Read Time:
6 min.
Sponsored by:
Font Size:
Font Weight:
Combining the Best of Self-Managed and Managed Services for Data Agility
Defining “Bring Your Own Cloud”
The adoption of cloud environments for analytic workloads has been a key feature of the data platforms sector in recent years. Many enterprises adopted cloud-based data platforms with a view to improving operational efficiencies by reducing the need for upfront investment in on-premises physical infrastructure and facilitating the ability to scale cloud services up and down to match fluctuating requirements. Adoption of cloud computing has also enabled a reduction in management overhead, as data infrastructure software providers take responsibility for monitoring and managing the underlying infrastructure, thus allowing enterprises to focus on data processing and applications. But on-premises versus cloud is a false dichotomy. Most enterprises are using a combination of on-premises and cloud computing resources.
“Cloud” is itself nebulous term. Not only will most enterprises use multiple cloud data infrastructure providers, but they will use a range of different cloud models. The different cloud consumption approaches can be thought of as a spectrum. At one end is fully managed services, in which the provider is responsible for managing and maintaining all aspects of the product offering. At the other end is a self-managed approach, through which the enterprise is responsible for managing their use of cloud resources.

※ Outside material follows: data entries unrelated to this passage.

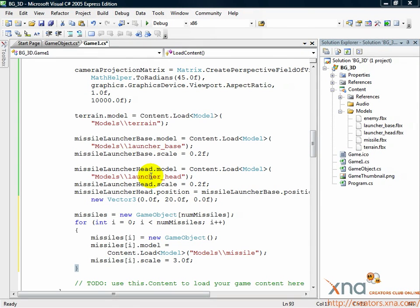Now that we have an array of missiles at the ready, let's set up the input code so that the player can launch one of these missiles every time they press the A button on their Xbox 360 controller or space on the keyboard.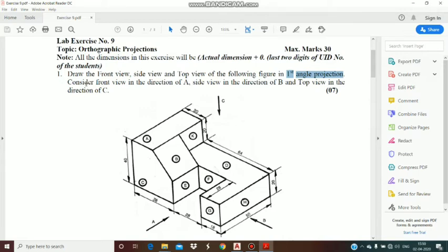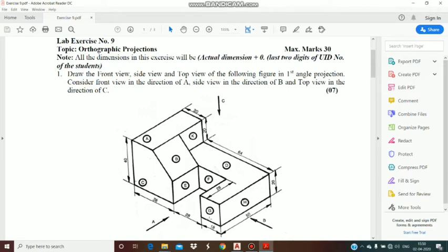Next line: consider front view in the direction of A. The direction is given from A — suppose you are standing at position A and looking at the figure. The view perceived by your eyes is block C, block F, and block G. So this is your front view — while looking at this figure your eyes are perceiving blocks C, F and G.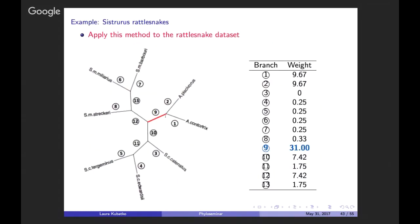Applying this to the rattlesnake data set, the unrooted tree has two Agkistrodon outgroup samples and six ingroup tips. For each labeled branch, the algorithm assigns a weight. Branch 9 has the largest weight of 31, far larger than any other branch. Branches 1 and 2, leading to the two outgroup individuals, have values just under 10. The preferred root is branch 9, which is indeed the true root.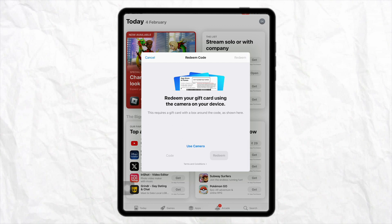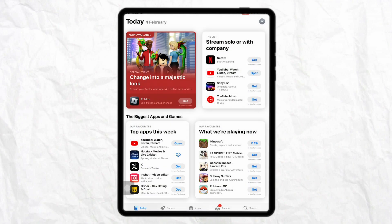Just click on it and here just enter the code on the Apple gift card that you purchased from outside. Just mention it here and once you mention your code here, just click on Redeem.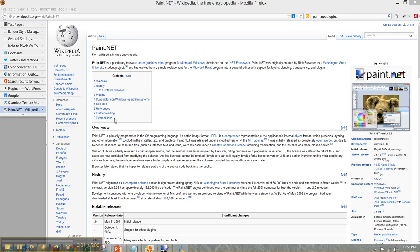Hi, this is Lynn with Xtreme Virtual Support. Today I wanted to talk to you about a discovery I made. I was looking for something, and the discovery isn't paint.net, but I wanted to start on this Wikipedia page.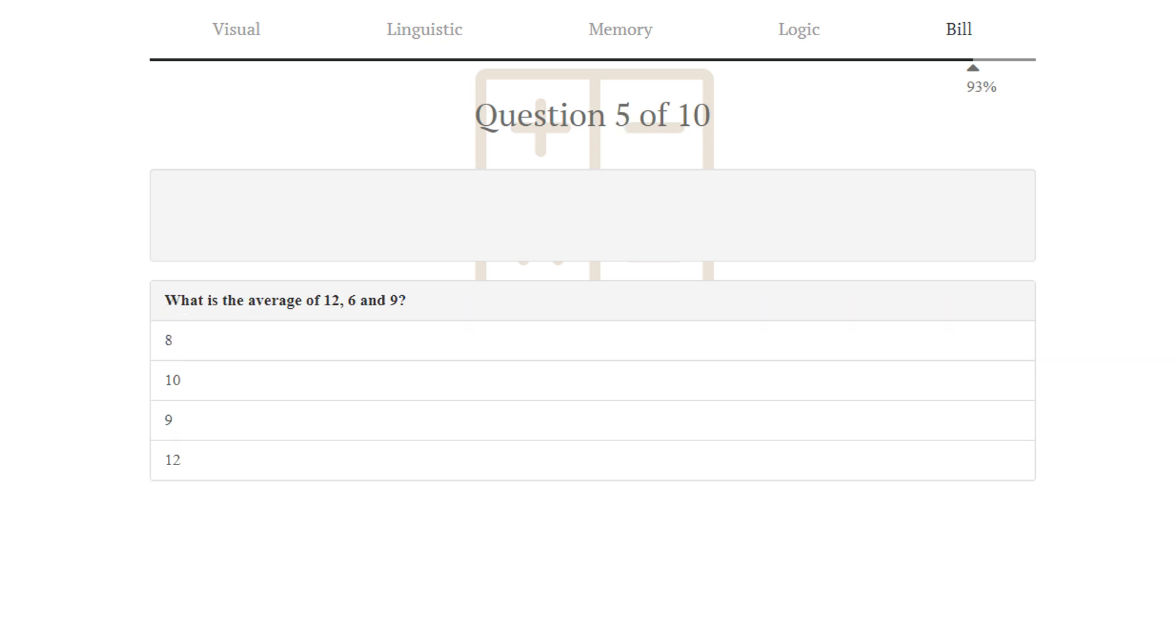Puzzle number 5. What is the average of 12, 6, and 9? 3 goes from 12 to 6. We have the average of 9, 9, and 9. 9 is correct.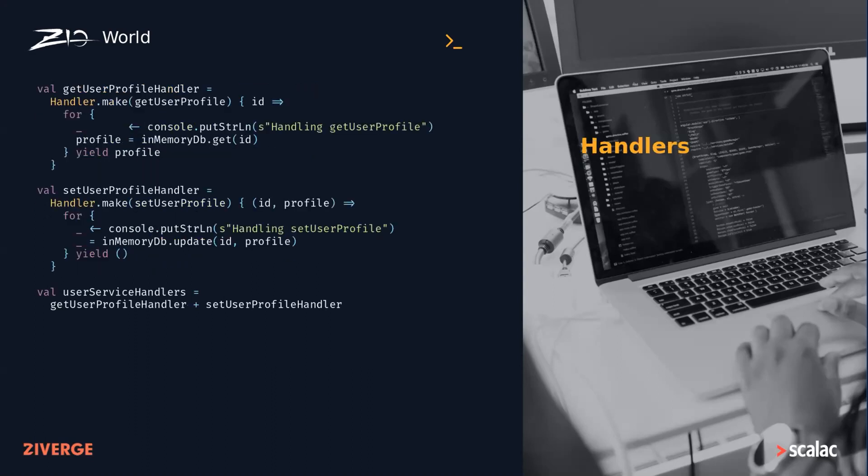Next, we define handler effects for each endpoint. These effects can access services via the ZIO environment, like the ZIO Console in this example, and we can also group individual handlers into a service handler.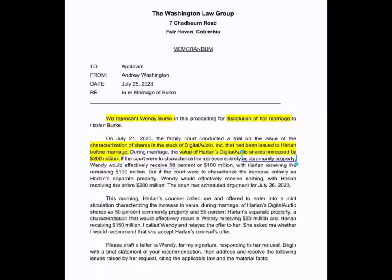But if the increase in value were to be characterized as community altogether, her share would be $100 million. So the question is: should she accept this deal or not? At the very bottom of the page, the supervisor lays out the task. He says please draft a letter to the client responding to her request, start with a brief statement of your recommendations, then address and resolve the following issues raised by her request, citing the applicable law and the material facts. That instruction to begin with a brief statement of recommendations is really easy to overlook because the supervisor is about to list a series of questions on the next page.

In the middle of this spectrum is “bring your own cloud” (BYOC)—an approach that is growing in popularity for data and analytics workloads and one that seeks to provide the best of both worlds. BYOC involves the deployment and management of a software provider’s product in a customer’s cloud account. BYOC is based on a shared responsibility model through which the software provider is responsible for managing service availability, upgrades and disaster recovery via a control plane that resides in the customer’s preferred cloud environment. The customer retains responsibility for managing applications and their performance, as well as user authentication and authorization. The enterprise is responsible for the data plane that resides in their own preferred cloud environment, retaining complete control of the data.
Benefits of BYOC
Retaining control of the data plane in a BYOC environment has several benefits, not least security and data governance—two of the most significant cloud challenges faced by participants in ISG’s 2024 Market Lens Cloud Study. With a fully managed service, the enterprise has little control over the location in which the data is stored and processed, other than perhaps the ability to select regions. This can make it unsuitable for workloads involving personally identifiable information that is subject to regulations such as GDPR and HIPAA. While many cloud providers have policies around protecting data privacy, emerging data sovereignty requirements place additional burdens on enterprises to not only have reassurances about how the data is stored and processed, but control over the physical infrastructure used to store and process the data, including the country in which it resides. Separating the vendor and customer environments helps address these requirements by enabling the enforcement of multiple layers of security on top of the security features provided by the software provider.
Performance and reliability are also significant potential considerations of BYOC. Managing the data plane enables an enterprise to assert more control over the performance of the data processing software. At its most extreme, this could mean the customer being able to continue operating even during a failure of the software provider’s operational control plane. More typically, it will enable the enterprise to be in control of the scale, or the number and type of infrastructure resources allocated to the data plane to address performance requirements. Streaming latency and query performance can also be improved significantly due to the BYOC environment being located closer to the customer’s applications.
Having control of the resources used for data processing enables the customer to take responsibility for the scale and cost of the resources used.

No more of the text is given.